The Bookwoman's Last Fling by John Dunning

The Bookwoman's Last Fling by John Dunning

Author:John Dunning
Language: eng
Format: epub
Publisher: Scribner
Published: 2006-09-15T04:00:00+00:00


14

Erin sat coldly through my account that night. The police had arrived at two o’clock with the coroner’s men on their heels; Baxter and I had been questioned in separate rooms; I explained why I was there and showed them my note from Sharon; I told them about my own adventure in the trunk of Cameron’s car and the gun, recently fired, that I had found there.
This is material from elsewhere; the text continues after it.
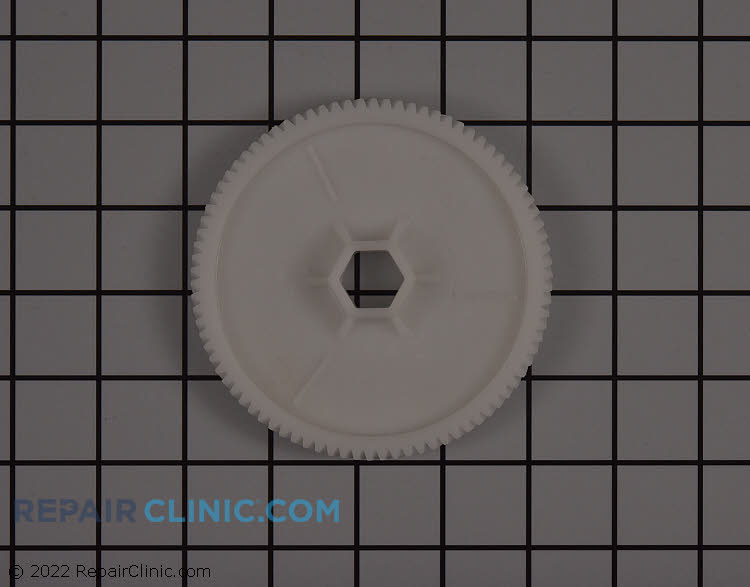 Drive Gear WC22X20111 Alternate Product View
I was released after two hours with the usual polite request to keep in touch. They were still questioning Baxter as I left. I knew they weren’t satisfied with his part of the story: If he had told them what I had seen or heard from him, I wouldn’t be satisfied either. They would ask, for example, how he had suggested a walk and then led me almost straight to his brother’s body. I hadn’t told Baxter about this likelihood: the last thing I wanted was to coach the suspect, if that’s what he turned out to be, but this was one of those times when I longed to be on the other side of the badge. I did take his gun away from him when he put it on the table: I picked it up carefully, put it on another table across the room, and left it to the cops to deal with when they arrived. Other than a few brief comments, we had nothing else to say until the police came.

“I didn’t kill him,” he did offer at one point. “How long’s he been dead do you think?”

I didn’t say but I thought it could be a week on the long end.

“I’ve been up at Golden Gate till early this morning.”

People could verify that, he said, he was well known up there. “Besides, why would I kill him?”

Now, hours later, Erin listened to my story without a word. We ate our dinners in that awful silence, and at last I said, “Okay, if you’re gonna chew me out, let’s have it.”

“Would that do any good?”

“In what context?”

“Don’t be dense, Janeway, it doesn’t become you. I’m just very calmly asking if you’d do it again under the same circumstances, which of course you would, like a bat out of hell. I thought we had all this out months ago. Years ago.”

“If it makes any difference, I did bring my sword to fall on.”

“Which means nothing when push comes to shove. I predict one of these days we will have us an ugly parting over something like this.”

A scary thought. I pondered it and said, “But what would we do without each other?”

“That is the question, isn’t it?”

That was indeed the question. I had once come so close to losing her that now I got edgy if she was running late in traffic, tense if she failed to call. I was nervous in all those harmless down times where before, in my old life, I had felt invincible.

“You worry way too much,” she said. “You’re becoming…”

She fished for a term and I gave it to her.